### MATERIAL FOR THIS EXERCISE
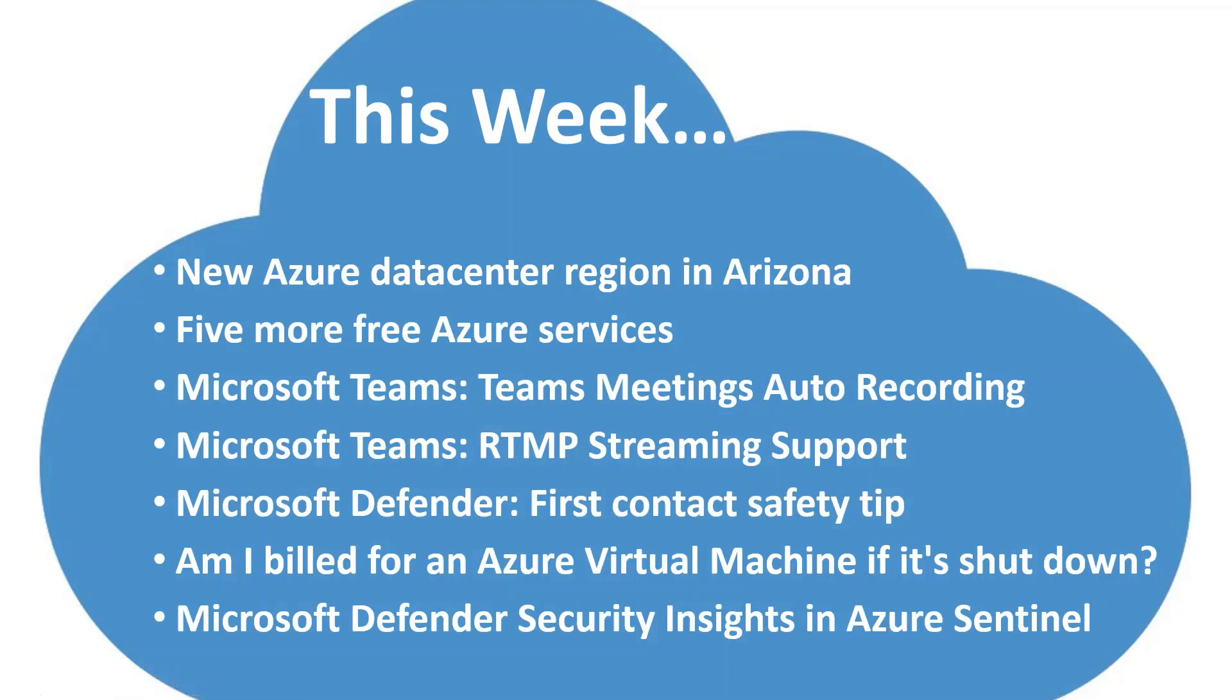And that concludes this edition of the Microsoft Cloud News Update. Hope you enjoyed this week's session. If you did, give me a thumbs up. If you want to keep up to date when we release these weekly updates, please subscribe. Again, give me a like.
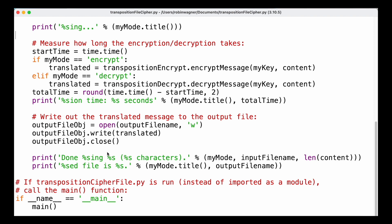After that we need to store our encrypted or decrypted message, and for that we use the open function again. We pass a second argument to open the file in write mode by passing 'w' as the second argument — this ensures we can make changes to the file. We then call write on the output file object and pass the translated variable to it, which is the output we got by either encrypting or decrypting our message. Finally we need to close our file, and then print out that we are done, how many characters were encrypted or decrypted, and the name of the output file.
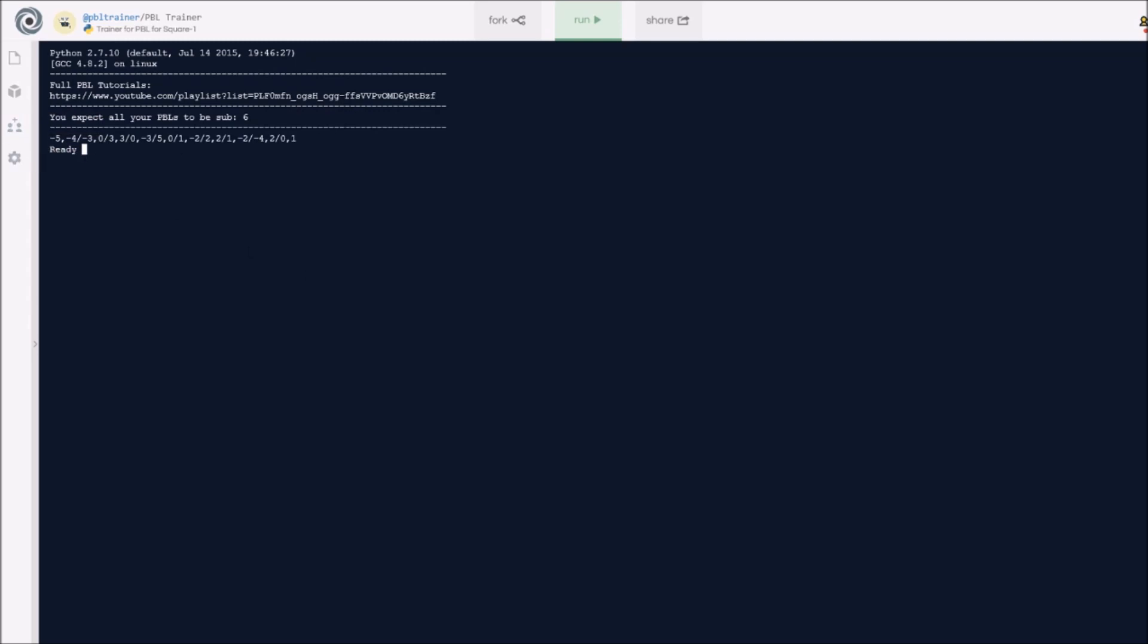Here's a scramble. Ready means that the timer is ready to start when I want it to, so I'll go ahead and do the scramble. Now I did the scramble. Now I can start it by pressing enter. When I see these three dots, that means the timer is running right now and I can do my solve.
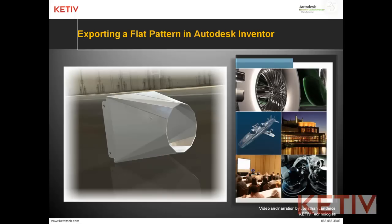Hello, Jonathan Landeros with Keteeve Technologies and welcome to exporting a flat pattern in Autodesk Inventor.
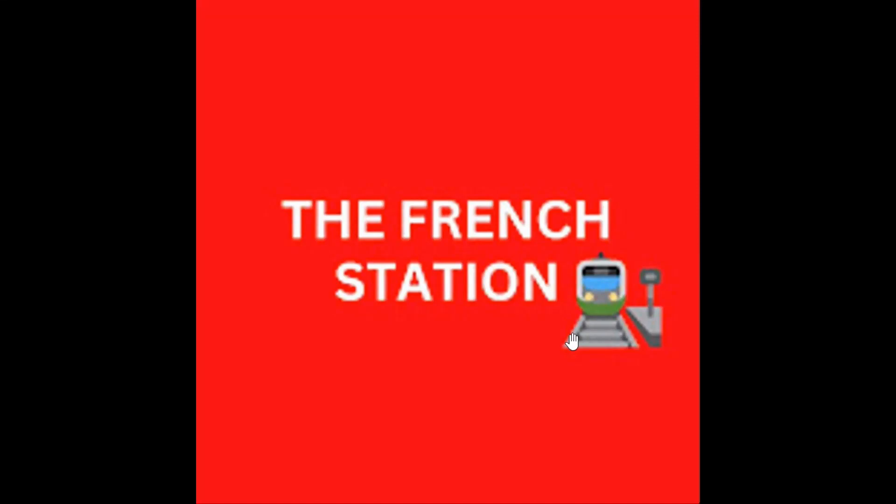Bonjour mes amis. Welcome to my channel, The French Station, the right stop for learning French. My name is Vignesh, your teacher and friend. I am very thrilled to help you on your French learning journey and to make the language fun and easy for you.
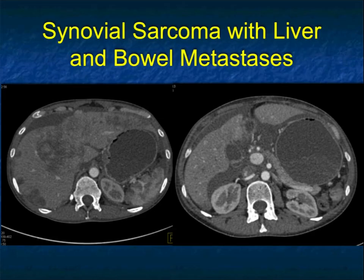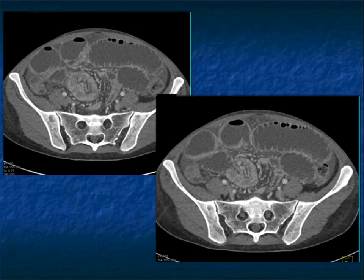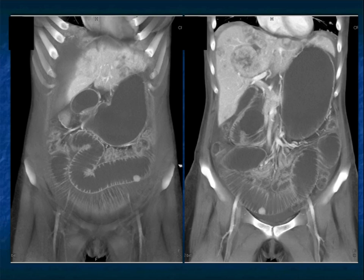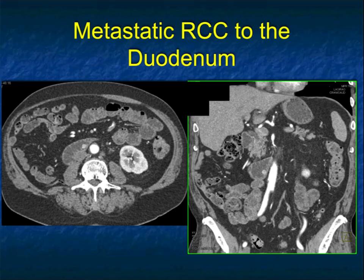A patient with synovial sarcoma had widespread liver METs. Look at the dilated small bowel — the cause is an intussusception right in the patient's right lower quadrant. There are also multiple one centimeter enhancing lesions in the small bowel, all metastatic foci.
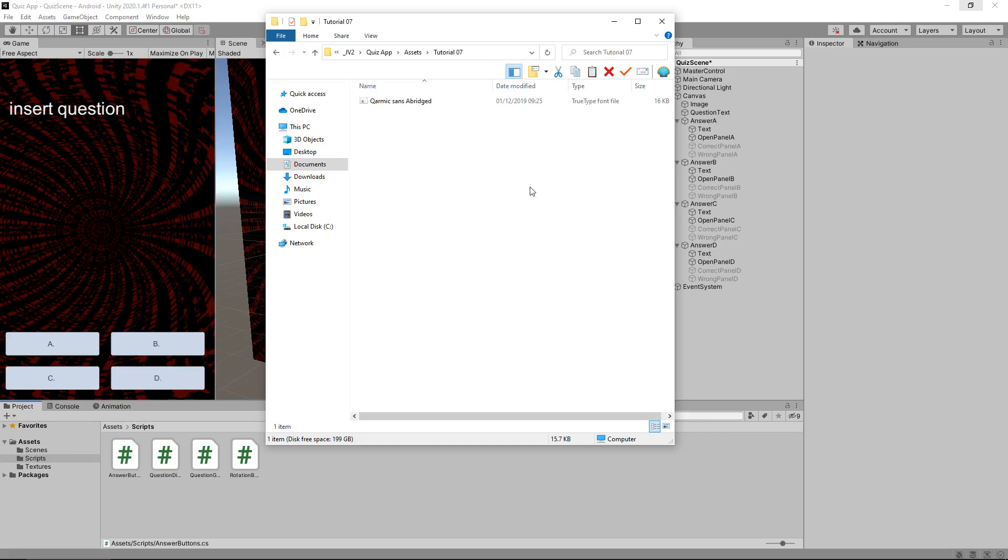Hello there, I'm Jimmy Vegas and this is how to create a quiz app in Unity, and welcome to episode 7. In this tutorial we're going to add in a font, we're going to add in a score UI, and we're also going to deal with the sequence a little bit with our buttons to make sure we can't double click things.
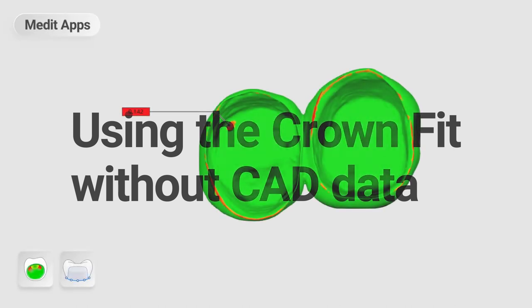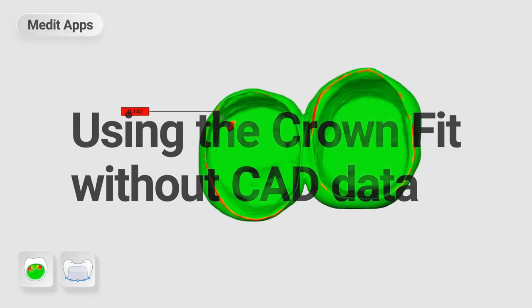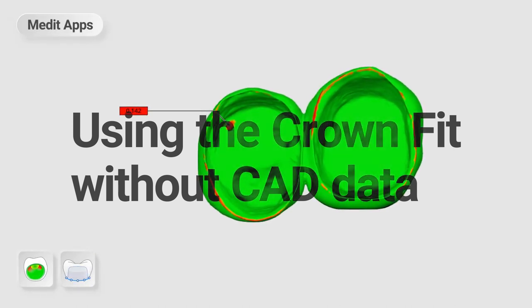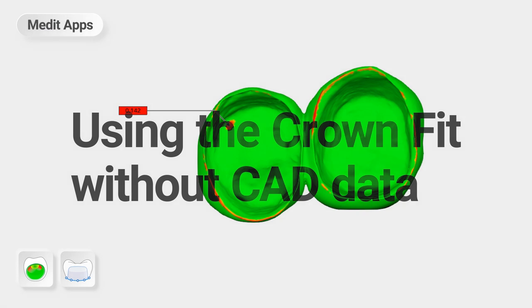This is a quick guide on how to use the crown fit without CAD data. Note, this workflow only can be performed when the margins are pre-drawn even before you place an order for prosthetic work.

### WHAT TO WORK ON
From the line containing "Hello, Jonathan Landeros" down to the last line of the entries above, copy each line exactly and nothing more. Leave pictures out.

### TASK RESPONSE
Hello, Jonathan Landeros with Keteeve Technologies and welcome to exporting a flat pattern in Autodesk Inventor.
Bonjour mes amis. Welcome to my channel, The French Station, the right stop for learning French. My name is Vignesh, your teacher and friend. I am very thrilled to help you on your French learning journey and to make the language fun and easy for you.
A patient with synovial sarcoma had widespread liver METs. Look at the dilated small bowel — the cause is an intussusception right in the patient's right lower quadrant. There are also multiple one centimeter enhancing lesions in the small bowel, all metastatic foci.
Hello there, I'm Jimmy Vegas and this is how to create a quiz app in Unity, and welcome to episode 7. In this tutorial we're going to add in a font, we're going to add in a score UI, and we're also going to deal with the sequence a little bit with our buttons to make sure we can't double click things.
This is a quick guide on how to use the crown fit without CAD data. Note, this workflow only can be performed when the margins are pre-drawn even before you place an order for prosthetic work.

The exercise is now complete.